L’avenir de la mixité au CVFE

A l’issue de ce tour d’horizon centré sur la perception qu’ont les travailleuses du CVFE du féminisme et de la mixité, on se penchera sur l’évolution future de la mixité au sein de l’association. Dans quelle mesure faut-il poursuivre sur la voie de la mixité ? Faut-il aller jusqu’à la parité ? Faut-il ouvrir également les instances de direction à la mixité ? Autant de questions qui se posent à l’association dans son ensemble et qui demandent d’approfondir la réflexion…

 

Un consensus se dégage au sein du personnel féminin autour du maintien d’une certaine mixité au sein du personnel de l’association.

Une intervenante de l’équipe enfants : « A mon sens, il faut poursuivre l’expérience de la mixité, de toute manière. Je pense que c’est positif, en tout cas au niveau de l’équipe où je travaille (l’équipe enfants). J’aurais même envie de dire que c’est un processus qui doit s’amplifier dans une certaine mesure, mais, en même temps, je sais qu’il y a une réelle volonté de la part du collectif de mettre des femmes au travail. Donc, ce serait un peu contradictoire de vouloir encore renforcer la mixité… De toute manière, le travail social est un milieu qui reste très féminin, sauf dans des choses extrêmement spécifiques comme le travail avec les garçons ou tout ce qui est plus physique dans le métier d’éducateur. »

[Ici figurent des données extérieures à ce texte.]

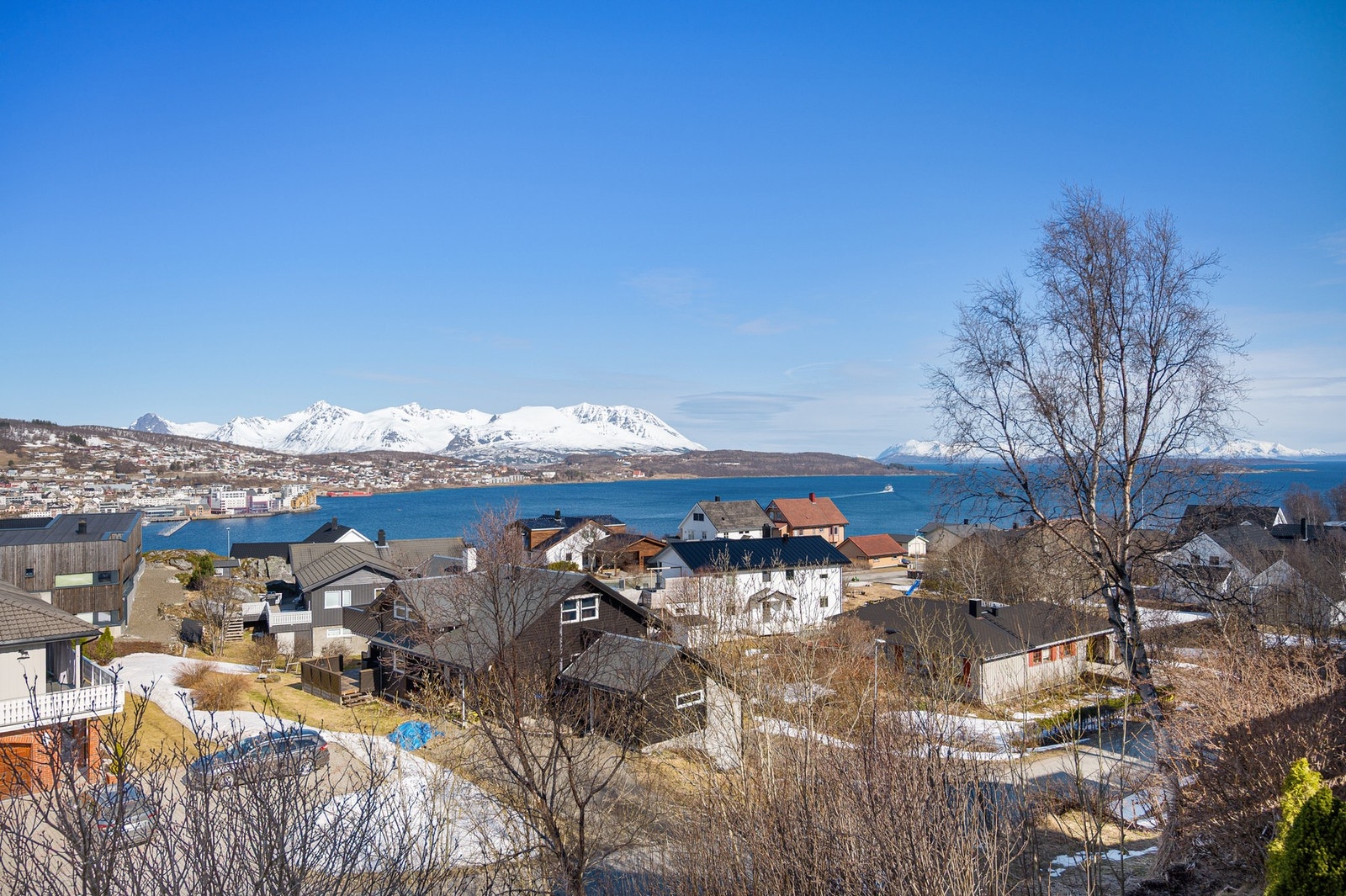 Denne eiendommen befinner seg på Øvre Gangsås og har supre utsiksforhold! Galleribilde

Mixité, mais avec priorité au féminisme

Une animatrice du secteur Education permanente : « Si on garde l’idée de ‘modélisation’, c’est-à-dire que les femmes qui fréquentent nos services ont besoin de modèles positifs aussi bien masculins que féminins, il me paraît nécessaire de maintenir un minimum de mixité au sein des équipes de travail. Par contre, concernant les postes à responsabilité, je crois qu’on perdrait beaucoup en cohérence si on abandonnait l’idée que les postes de direction doivent être occupés par des femmes. On se plaint assez que les femmes n’ont en général pas suffisamment accès à des postes de direction, pour ne pas les revendiquer dans une association féministe. Cependant, je dirai également que l’essentiel est que les postes de direction soient occupés par des personnes profondément féministes et qu’en définitive, cet aspect est plus important que le sexe de la personne. »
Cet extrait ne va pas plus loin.